Now look at Delta, 12, 1019a15 "'Potency' [dynamis] means (1) a source of movement  
or change, which is in another thing than the thing moved [as is the case with 
motions caused by the unmoved mover] or in the same thing _qua_ other ..."

> hence like
> locomotion (i.e., you've got to have a body) is possible only for things which
> have a body [viz. meterial-dunamis].

Yes, change requires hyle as its hypokeimenon.  No, dynamis, is not hyle or matter. 
Hyle is an arche [source or principle] of dynamis, but is is not the only one.  See 
my "A New Reading of Aristotle's _Hyle_" in _The Modern Schoolman_, LXVIII (1991), 
3, 225-244 for more particulars.

> One of the basic distinctions between the
> unmoved mover and the planets is that the latter, though eternal and hence not
> involved in generation and decay, have bodies, and the way that they manifest
> their energeia/actuality is through eternal locomotion.  Are you suggesting that
> the unmoved mover has the potentiality for locomotion?

No.  Why should I?

> The unmoved mover is
> incapable of locomotion or of destroying the universe; indeed, its incapable of
> doing anything but thinking itself.

No.  Please read De K.
 
> > > Aristotle's god
> > > certainly was not capable of eating or even moving,
> > > which require body/matter (dunamis), nor was Aristotle a
> > > proto-Spinosist, who might claim god was the actuality in all actual
> > > things.  To see Aristotle's god a infinte, especially as having
> > > infinite capabillities to act, can only be done through a
> > > Christian optics.  Whatever you are, you are no Aristotelian!
> >
> > I did not say that my proof was Aristotle's, only that Aristotle's proof
> > was valid.  I did not attribute matter, eating, etc to the divine nature.
> > These are possible acts that can be instantiated by God via material
> > insturmentalities.
> 
>    Maybe a Christian god can 'instantiate,' but Aristotle's can't.

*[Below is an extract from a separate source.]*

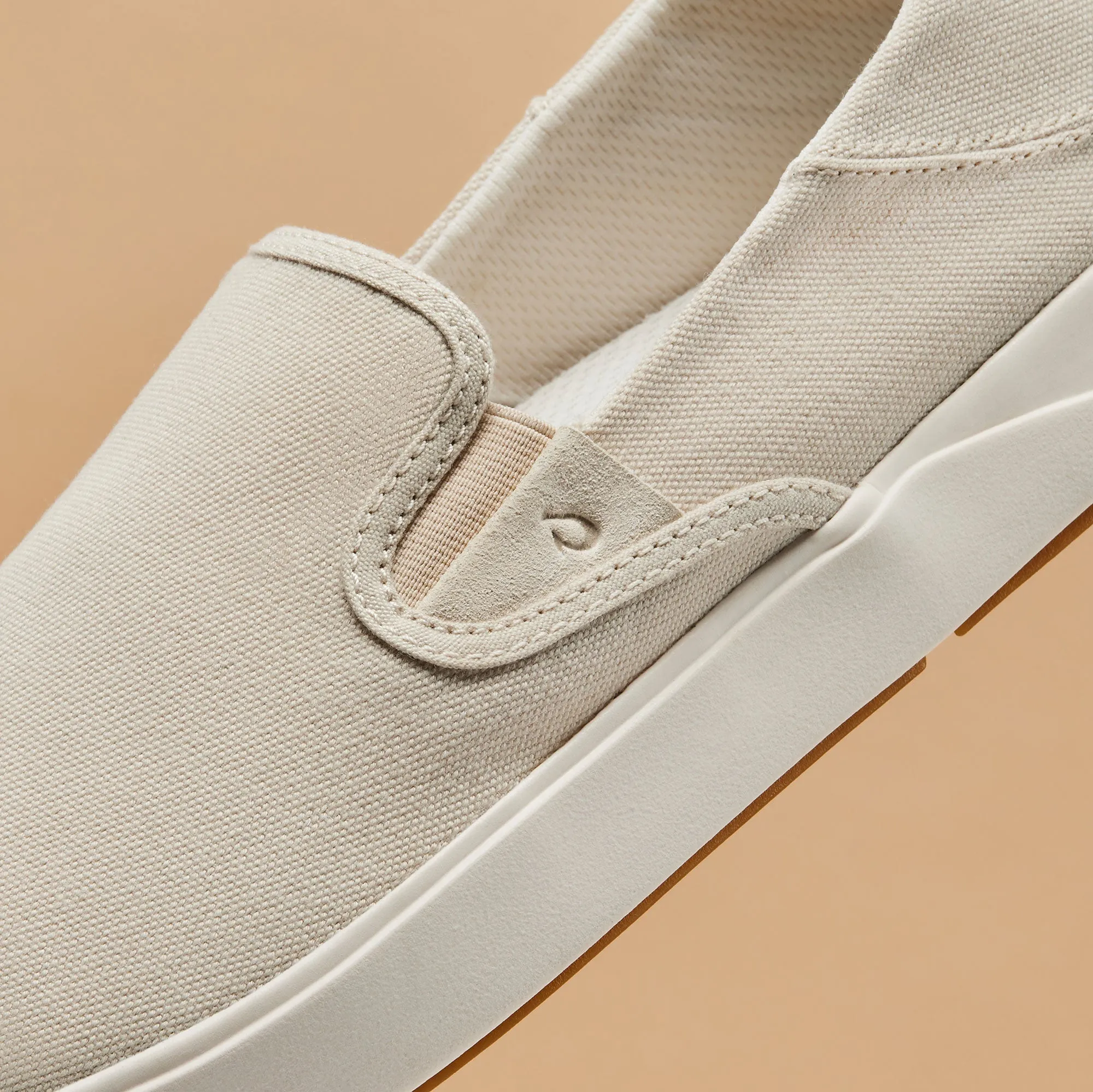 Lae??ahi  -  Tapa / Canvas Comfy Step Walk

My assertion is that the God of my proof can.  My proof establishes more that 
Aristotle came to.

>  Nature is not one of the unmoved mover's 'instruments.'

As understood by Aristotle - agreed.  In actuality, I suppose it depends on how one 
conceives of the Divine use of insturmentalities.  If one conceives of such use as 
ab-use of their integrity, then agreed.  But, if one sees nature itself, in its 
integity, as a manifestation of Divine Intent - as the proof would lead one to see - 
then I disagree.

> Cheers!
> Reg
> rlilly-AT-scott.skidmore.edu


As a final note - It seems that Reg and I are not communicating on the 
something/nothing issue.  I am earnestly trying to see what Reg is seeing, but I do 
not.  If anyone sees his point and can translate it for me, I would be grateful.